Because early watches had unreliable timekeeping mechanisms and there were "no established time standards until the 19th century," McCrossen points out that for much of history, owning a watch was like "having a cellphone without a network." In a society where circadian rhythms and clock towers offered a rough structure for people's lives, watches worked best as a way to display and invest wealth.
And then the Industrial Revolution happened and suddenly "being on time" was really important. Train schedules were impossible to understand without standardized timetables, and the shift from agricultural to factory labor introduced the concept of time sense and clocking in.
As time became a commodity to be measured out and capitalized on, factories pushed workers to maximize their output and enforced time discipline with harsh and often disproportionate fines for anyone who arrived late. Time-oriented factories sought to squeeze maximum productivity out of every minute, and the more flexible and task-oriented style of pre-industrial labor was replaced with routine and mechanized monotony. Some factories even slowed down their clocks so that they could stretch the length of a work day.
In his writing, scholar David Landes observes that these strict systems of time discipline led many workers to view "the factory to be a kind of jail, with the clock as the lock," echoing contemporary sentiments that the clock, and watch, had become tools of worker oppression. Amazon's recent patent of a controversial employee wristband, designed to track movements and give haptic feedback to help improve efficiency, could be viewed as the descendent of these Industrial Revolution management systems that sought to maximize time efficiency and worker output.
The pressure to be time disciplined could be felt throughout society during the 1870s and 1880s, but according to McCrossen, the proportion of watch owners in the early years of the Industrial Revolution didn't increase significantly. Clocks, clock towers, and professional wake-up callers remained cheaper solutions, and contemporary accounts show that in some cases, workers simply guessed at the time their shift started based on the sounds of the street.
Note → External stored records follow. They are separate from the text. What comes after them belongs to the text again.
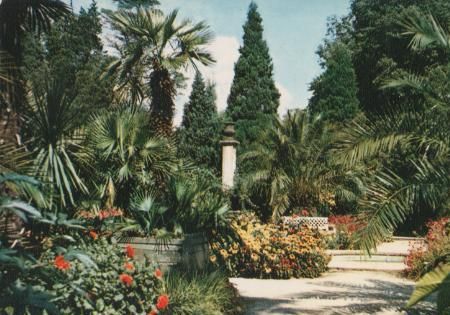 Bad Pyrmont - Palmengarten - 1968 Bad Pyrmont - Palmengarten - 1968
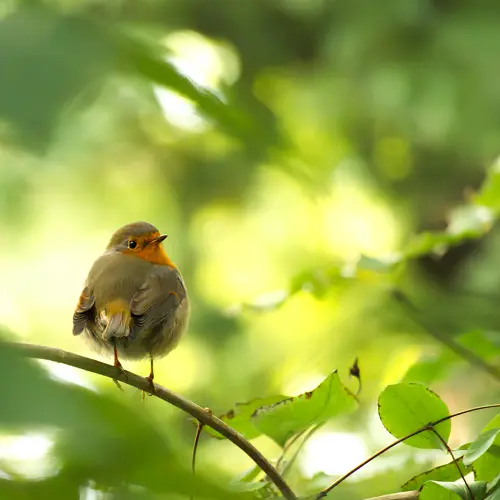 Cursus een levende tuin maak je zelf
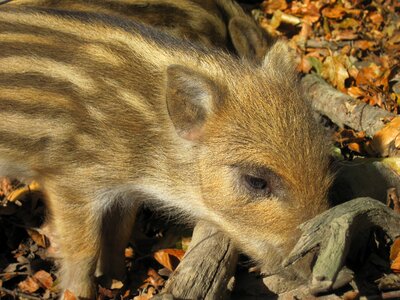 Nature forest mammal photo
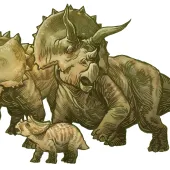 Triceratops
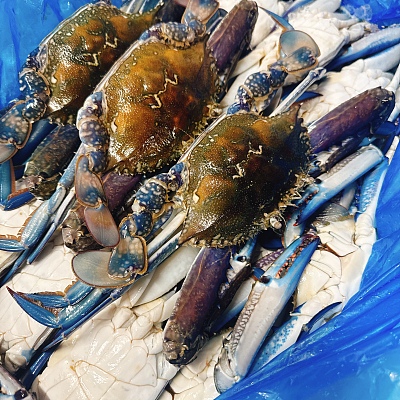 【新春限定】大号新鲜蓝花蟹 3整只 约800g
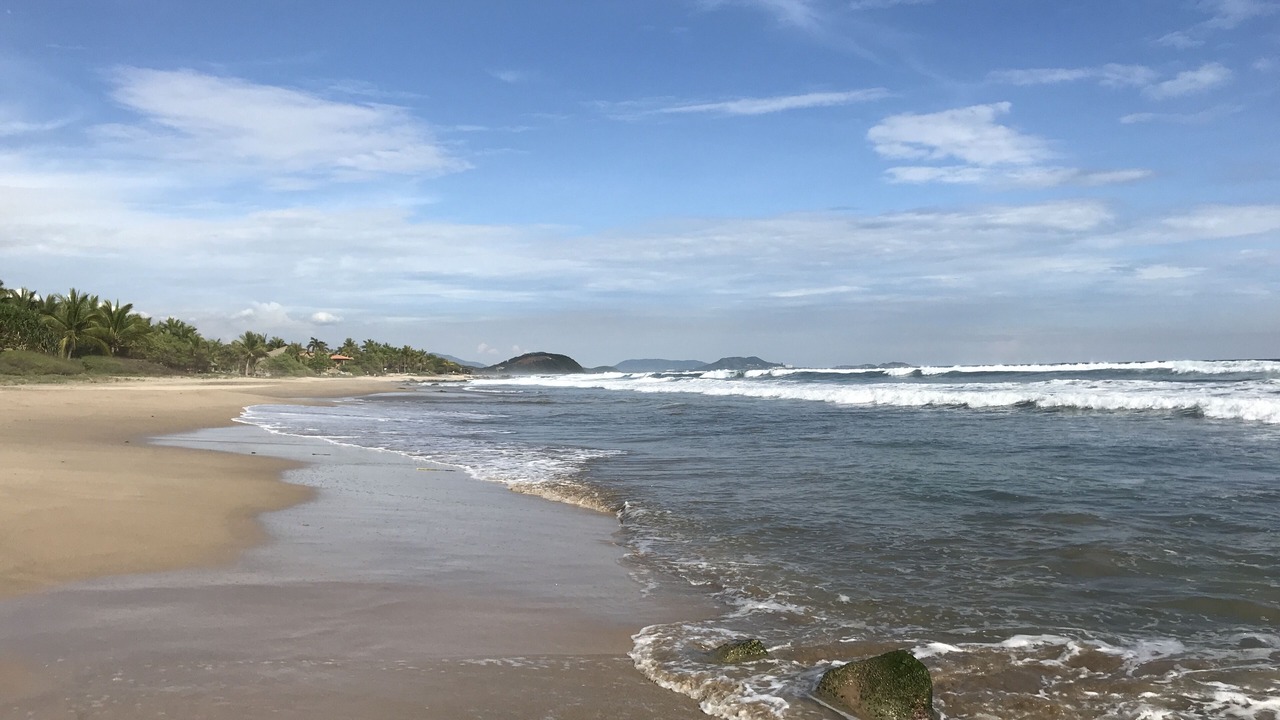 Photo of Others in Troncones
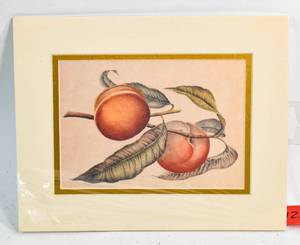 lot 121 image: Peaches Print Matted Card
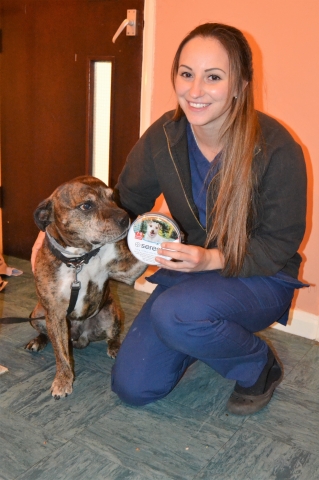Charlotte Tulk, Veterinary Nurse at Beaconsfield Vets and Buster the dog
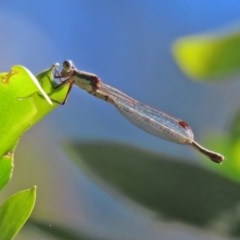 Austrolestes leda (Wandering Ringtail) at Tidbinbilla Nature Reserve - 8 Dec 2020 by RodDeb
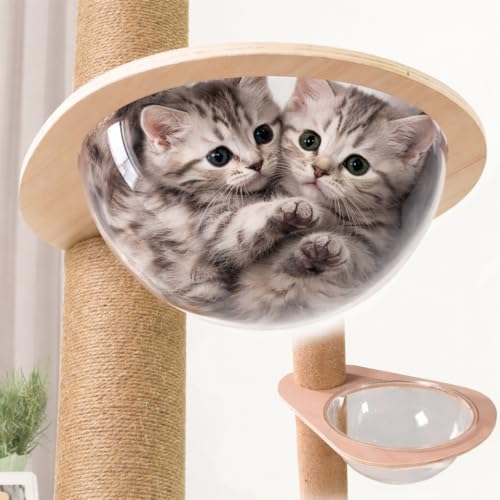Japard Space Clear Capsule Dome Cover, Cat Hammock, Cat Tree Replacement, Pet Bed with Wooden Frame Holder, 11.6 inches, Kitty Sleeping by Japard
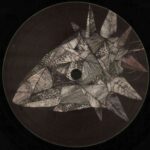 ADAM BEYER - STONE FLOWER Vinyl Record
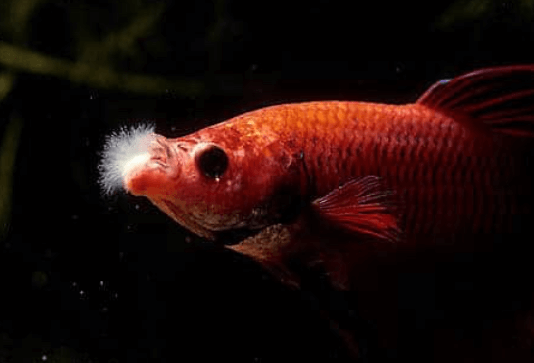 구피 질병 증상(백점병&amp;#44; 마우스펑기&amp;#44; 솔방울병 등)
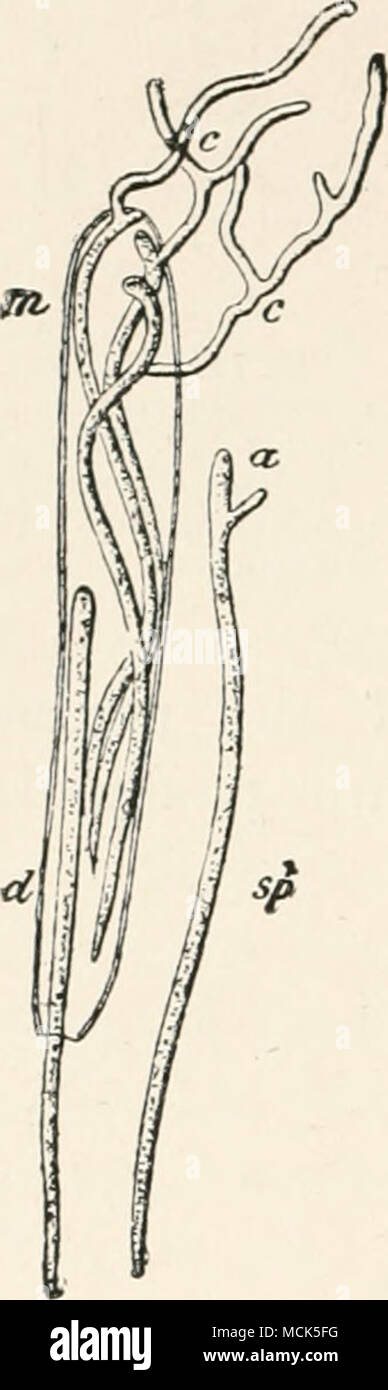 . Fig. 123. —Lophodermium macrosporum on Spnice. Germinated ascospores; some have germinated inside the ascus. (After R. Hartig.) ^ Nobbe, Ber. d. sdchaisches ForatvereiiiH Versammlung zu Schandau, 1891. ^Another ascomycetous fungus—Naevia pinipen/a Rehm—occurs alone or together with this species ; Rehm regards it as parasitic (Hfdivi(jia,1892, p. 802). Stock Photo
Marking Modern Times argues that despite watches' role as a status symbol, the secondhand market was large enough that poor and low-skilled workers also owned timepieces. What contributed to keeping watches outside of certain environments was something as simple as clothing - McCrossen writes that since pocket watches were designed for the "trouser- and- jacket-wearing classes," manual laborers typically didn't have a safe place in their uniforms to hold a timepiece. Rather than being a tool at work, the watch was worn as a public item of clothing, a deliberate symbol that communicated something about its wearer's modernity and efficiency.
Ambitious people earned the nickname "stemwinder" because they were constantly winding their watches, and timeliness became viewed as a moral attribute. The watch showed that its owner was literally keeping up with the times and offered a sense of control and independence. Because watches remained expensive, this moral test was easier for certain groups in society, and in Horatio Alger's rags-to-riches stories the protagonist receiving a watch was a motif that was frequently used to reflect their social ascension.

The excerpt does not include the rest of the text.